(Items listed in a dataset)
»»

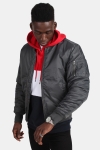 Urban Classics Bomber Jacke Cool Grey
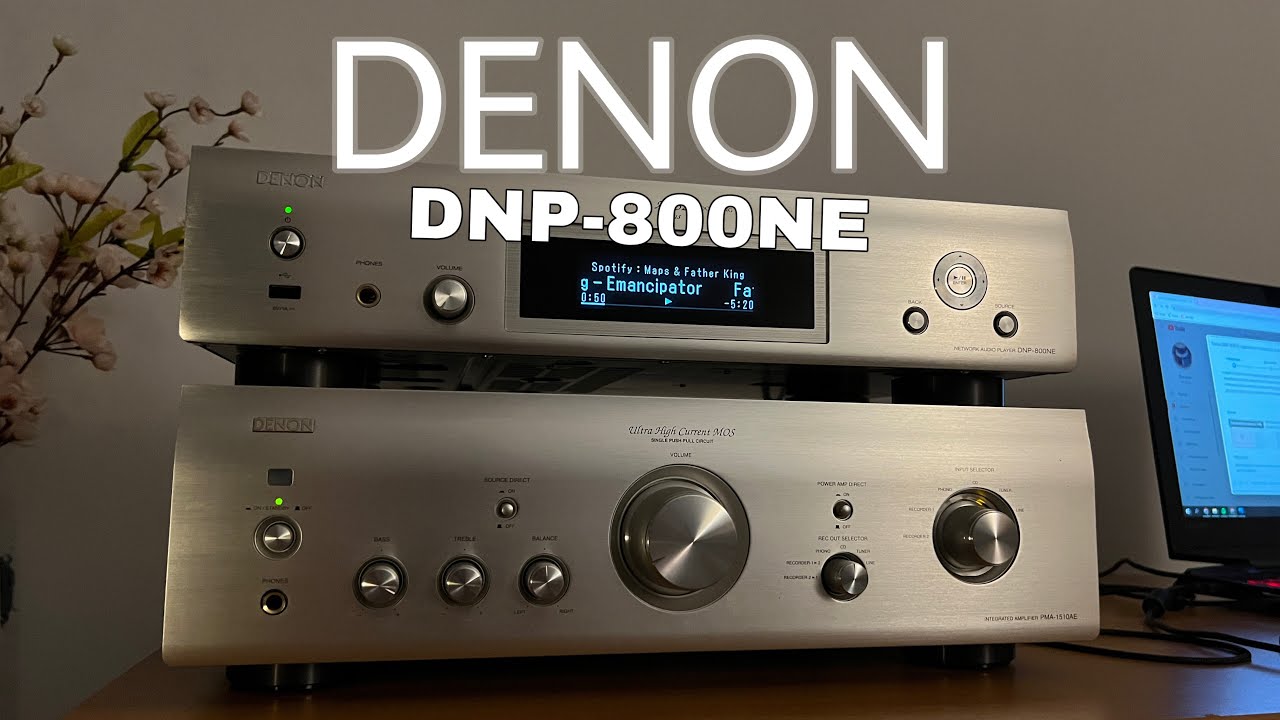 Denon DNP-800NE идеальное сочетание эстетики и качества звучания.
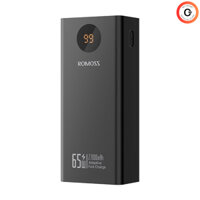 Pin Sạc Dự Phòng 65W 27000mAh ROMOSS Công Suất Cao, Sạc Nhanh, Pin Sạc Dung Lượng Lớn Đa Năng Cho Laptop Fast Power Bank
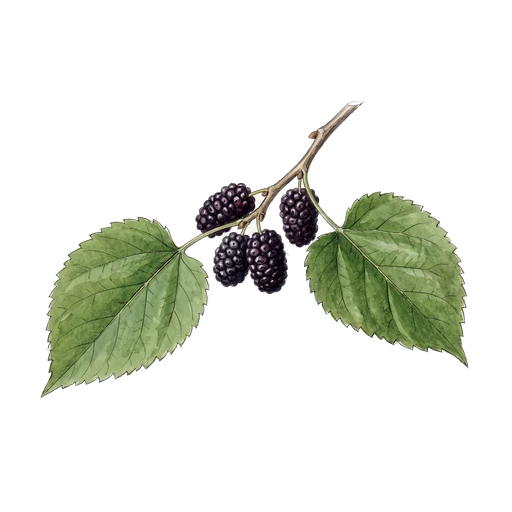 watercolor — Mulberry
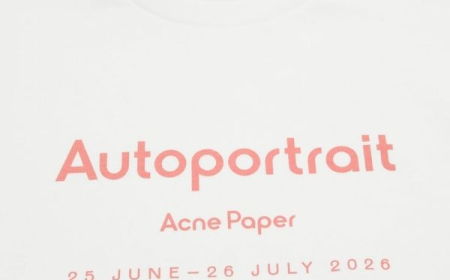 Acne Studios Fashion Trends That Deserve Your Attention  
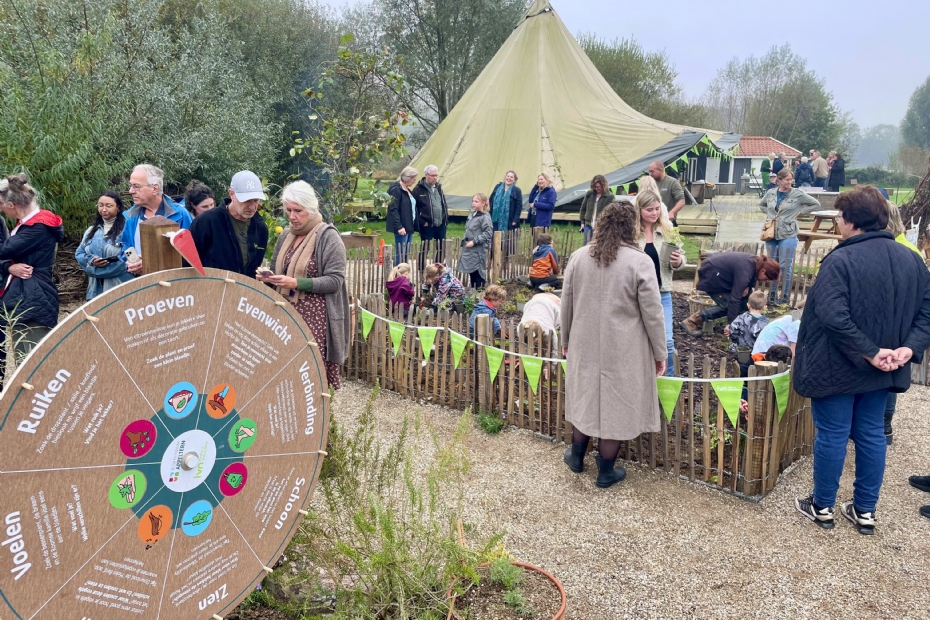 Opening IVN Voedselbosjes - Bloemenpark Appeltern & Michelle Peeters, Deuxbleus fotografie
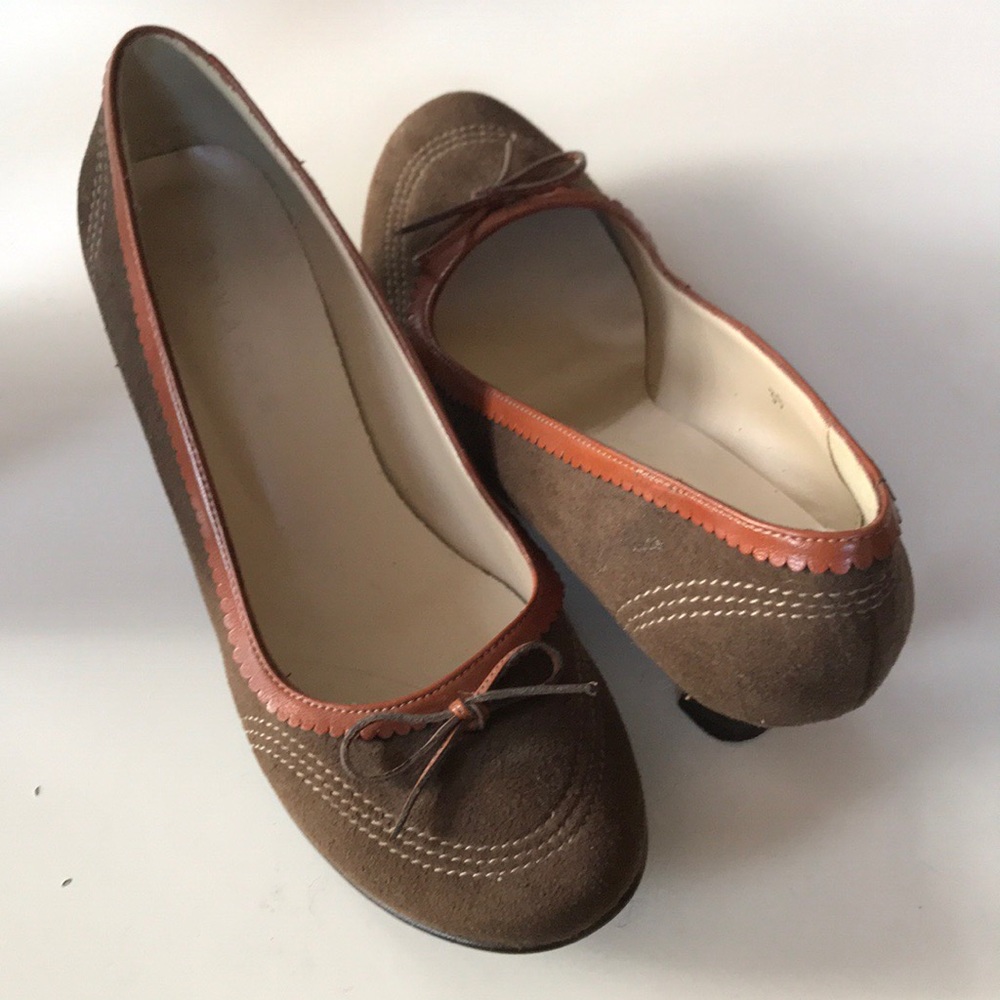 Novacas Faux Suede Heels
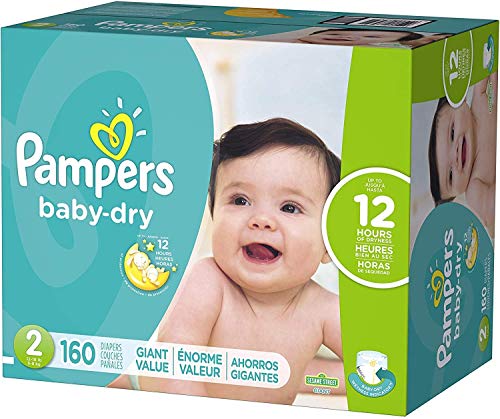 252 pampers baby dry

««

Task prompt:
Restate, word for word, each line from the line containing "Acne Studios Fashion" through the end of the entries above; the pictures are not part of the copy.

Exercise output:
 Acne Studios Fashion Trends That Deserve Your Attention  
 Opening IVN Voedselbosjes - Bloemenpark Appeltern & Michelle Peeters, Deuxbleus fotografie
 Novacas Faux Suede Heels
 252 pampers baby dry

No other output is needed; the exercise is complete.